Salí hacia la calle y de súbito pensé en Eva, su lugar preferido para pasar la noche era en un callejón cerca del lugar en donde me situaba. Casi corriendo me hice el camino, la gente me miraba confundida, sin embargo, seguía mi andanza en busca de Eva, encontré el callejón sin mucha dificultad, pero mi excitación era tal que los segundos pasaban como horas, no obstante, aun no sabia por que se había producido tanta exaltación en mi, ya que solo había sido un sueño y estos no eran infalibles, además mi madre hacia ya varios años que había expirado. Pero un presentimiento me llevó a buscar a Eva, era posible que no fuese una coincidencia que el vagabundo que le había helado la sangré fuese el mismo que había pernoctado conmigo en el callejón, una simple coincidencia.

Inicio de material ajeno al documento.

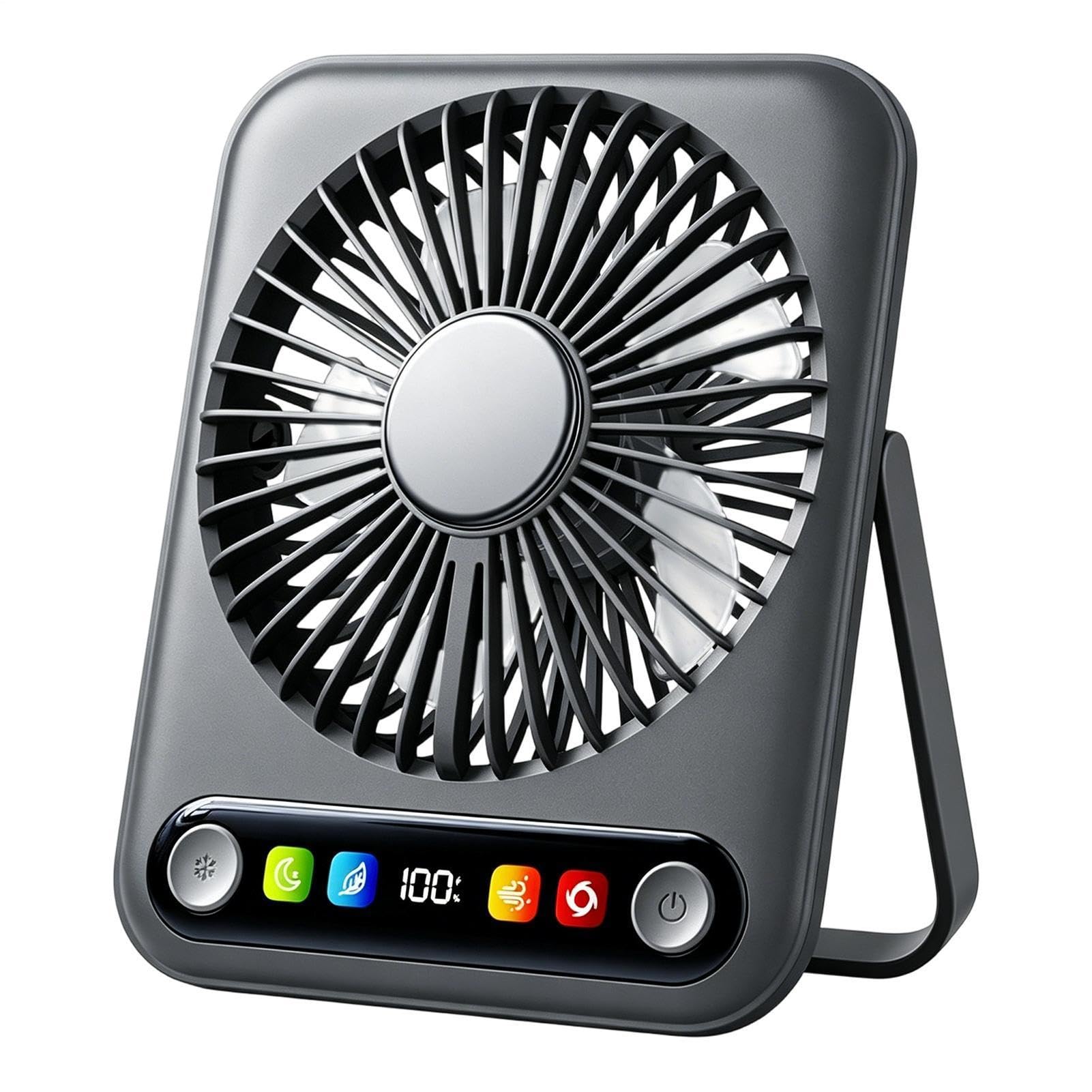 Ventilatore Da Scrivania E Silenzioso Display Digitale 100 Velocità 3000mAh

El callejón era como todos los de Viena, es decir sucios, pero acogedores para los vagabundos, entré, observé los alrededores y la vi; estaba tendida en el suelo frío inconsciente, ya no respiraba y se encontraba pálida tanto como la nieve de invierno; toqué su cuello para hacerme alguna esperanza, mas ya no había nada que palpitara y recordé fatídicamente: “por la pureza”; salí del callejón sin derramar ninguna lagrima, como un muerto en vida; fui hasta el callejón donde la noche anterior había dormido y busqué entre la basura por cinco minutos hasta que lo logré encontrar. El lienzo rectangular que había tirado el hombre, era un paisaje bastante bien elaborado con firma de alguien llamado “Adolf”.